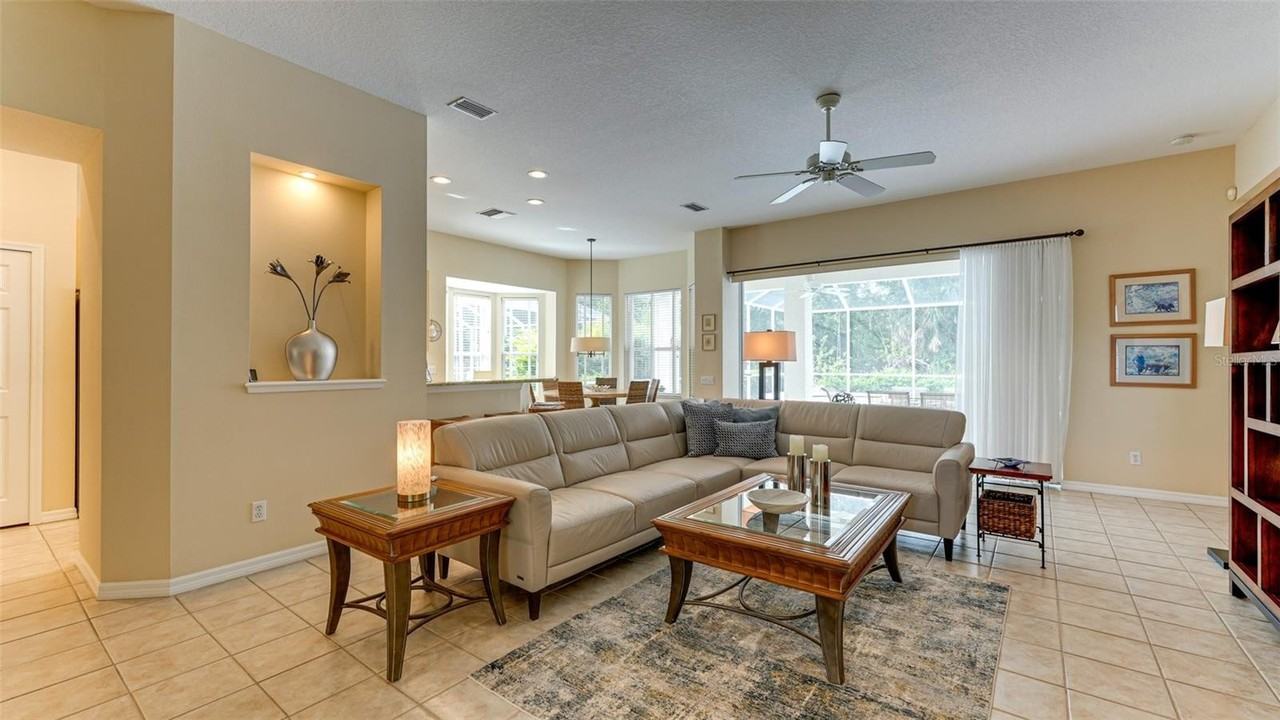 6920 Lennox Pl - Photo 7 of 50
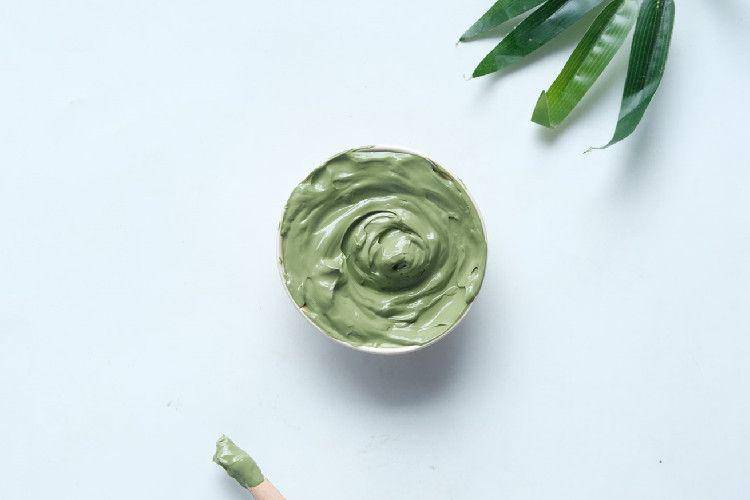 ilustrasi masker kandungan matcha (unsplash.com/Towfiqu barbhuiya)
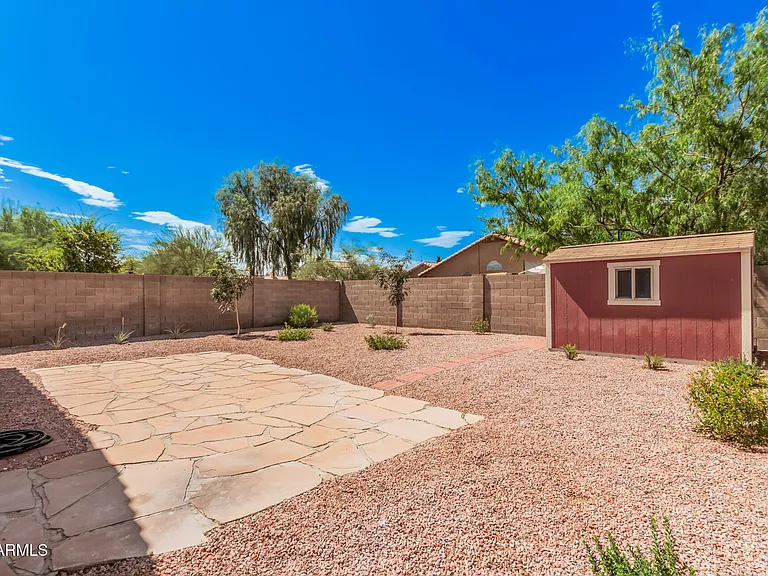 1028 W Butler Ct — Photo 31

EXERCISE DESCRIPTION:
All the material shown above is to be copied exactly, with no pictures carried over.

EXERCISE RESULT:
 6920 Lennox Pl - Photo 7 of 50
 ilustrasi masker kandungan matcha (unsplash.com/Towfiqu barbhuiya)
 1028 W Butler Ct — Photo 31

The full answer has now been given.